Des niveaux d’automatisation accrus et des conséquences imprévues
Dans un effort pour réduire la variabilité introduite par l’opérateur humain, un nombre croissant de fonctions exécutées par les systèmes industriels est automatisé par des boucles de régulation et des séquences de processus. Si ces dernières soulagent l’opérateur d’une partie de la surcharge de travail, elles ont également des effets secondaires imprévus. Sachant que les équipes opérationnelles sont rarement impliquées dans la conception et la mise en œuvre de tels systèmes, elles n’ont qu’une compréhension limitée des mesures prises par le système de commande et se retrouvent déconnectées du processus. Ceci peut conduire à une dépendance excessive à l’égard du système, qui oblige l’opérateur à réagir à des mécanismes tels que des alarmes ou des inter-verrouillages de processus.
Il est très fréquent d’entendre dire que les équipes opérationnelles en sont réduites à trouver les raisons des verrouillages ou à répondre aux alarmes des processus. Dans ce type d’environnement, l’opérateur est seulement réactif; il ne peut pas prévenir les défaillances et ne peut que chercher à intervenir lorsqu’elles se produisent.
 
Les problèmes de personnel et leur impact sur les compétences
Les systèmes évoluent alors que les techniques de conception d’interface d’utilisateur demeurent pratiquement identiques à ce qui se faisait auparavant. Il faut donc plus de temps pour intégrer un nouvel opérateur et lui permettre de maîtriser parfaitement l’utilisation de ces systèmes. On dit souvent qu’il faut près de deux ans à un opérateur pour maîtriser un système. Cette longue période est indispensable. Elle leur permet de devenir des spécialistes du système et de parer à ces lacunes de conception. Pourtant, d’autres conditions du marché ont tendance à réduire la durée d’occupation du poste. Pratiquement tous les marchés sont confrontés à un autre problème courant: le départ à la retraite imminent des personnes qui maîtrisent le mieux les systèmes, avec la nécessité de remplacer ces spécialistes en formant rapidement ceux qui leur succèdent.
 
Le défi de l’éloignement et l’impact de l’erreur humaine
En raison des progrès dans les techniques de réseaux et de la réduction de leur coût, il est de plus en plus rare que l’opérateur travaille sur le site où se déroule effectivement le processus. Cette «délocalisation» soulève de nouveaux défis pour les équipes opérationnelles, car l’opérateur ne peut plus utiliser certains de ses sens, comme il le faisait lorsqu’il se trouvait à proximité immédiate des machines. De nombreux opérateurs ont rapporté pouvoir comprendre l’état des équipements et des processus rien qu’en écoutant les bruits, en percevant les vibrations et en sentant les odeurs. Lorsque le contrôle s’effectue à distance, cette capacité sensorielle ne peut plus s’exercer. Or, trop souvent, l’interface d’utilisateur a été mise en œuvre en recréant et en animant les schémas P&ID (Process and Instrumentation Diagram), alors que ces schémas n’ont jamais été conçus pour surmonter de tels défis. Au final, les opérateurs comprennent mal leurs systèmes et ne savent pas toujours comment les gérer correctement.

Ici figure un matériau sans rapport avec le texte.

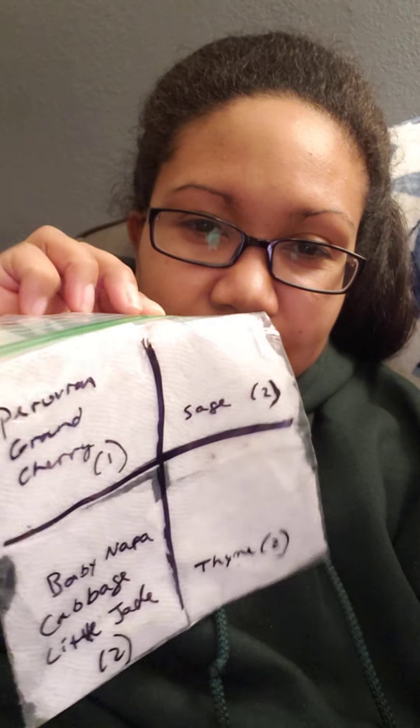I take a sandwich bag — and I know this isn't sustainable to some, but you can reuse them and I will be reusing them. I write down on the sandwich bag in a little grid so I can fit multiple varieties in one sandwich bag. I write down what I'm going to grow, then I get a damp paper towel — not wet, like if you can drench water out of it that's too wet, just moist. I cut that up into four sections, put the seeds in, fold it over, and stick it in the sandwich bag.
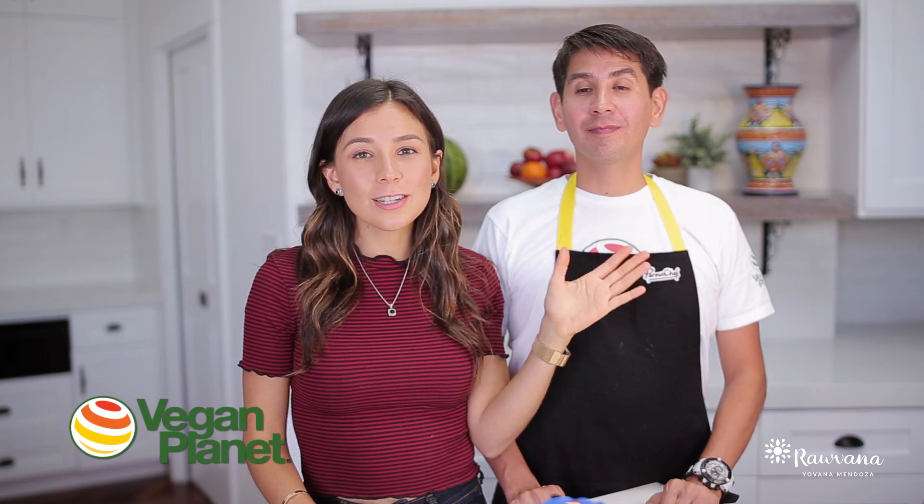Hey guys, I'm here with my friend Chef Miguel and he's visiting us all the way from Cancun, Mexico. He owns vegan restaurants in Mexico which are absolutely delicious — Vegan Planets — so if you're ever in Mexico you definitely need to check them out.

Avec les tendances décrites ci-dessus, des erreurs humaines se produisent, qui entraînent interruptions et inefficacités dans le processus. Ces erreurs, ou fautes, sont responsables de 42 % des situations anormales dans les systèmes industriels. Elles sont directement corrélées aux pertes économiques et aux problèmes de sécurité.
 
Fig. 3. Les trois niveaux de perception de la situation.
 
 

Pertes économiques et risques pour la sécurité
Les situations anormales dans les processus industriels sont directement responsables de pertes financières dues à une indisponibilité totale ou partielle du système, une efficacité réduite du processus industriel ou une diminution de la qualité du produit ou du service obtenu. Des études ont démontré que l’indisponibilité du système, induit pour les systèmes industriels, une perte de 3 à 8 % de leur capacité. Totalisées sur la durée de vie opérationnelle d’un système, ces pertes dues aux inefficacités du processus sont probablement bien plus importantes en raison d’une capacité réduite ou d’une diminution de la qualité du produit ou du service obtenu. Elles peuvent causer d’importantes pertes économiques tout au long de la durée de vie d’un système. Ces pertes peuvent être évitées, mais si une approche visant à améliorer la conception des IHM n’est pas adoptée, leur montant devrait continuer d’augmenter.
Dans de nombreux processus industriels, il existe un risque non négligeable de blessures et de décès. Beaucoup de facteurs sont à prendre en compte pour la sécurité globale du système, entre autres, la gestion d’alarmes, la performance de la boucle de régulation et la conception de l’IHM. Lors des enquêtes réalisées suite à un certain nombre d’accidents industriels, la conception de l’IHM a été citée comme l’une des causes. C’est principalement via les notifications d’alarme, que les IHM signalent les risques potentiels pour la sécurité. Or, lors d’une étude récente portant sur les opérateurs de systèmes industriels, quelque 70 % des personnes interrogées ont répondu que l’excès d’alarmes affectait leur capacité à faire fonctionner correctement le processus de production.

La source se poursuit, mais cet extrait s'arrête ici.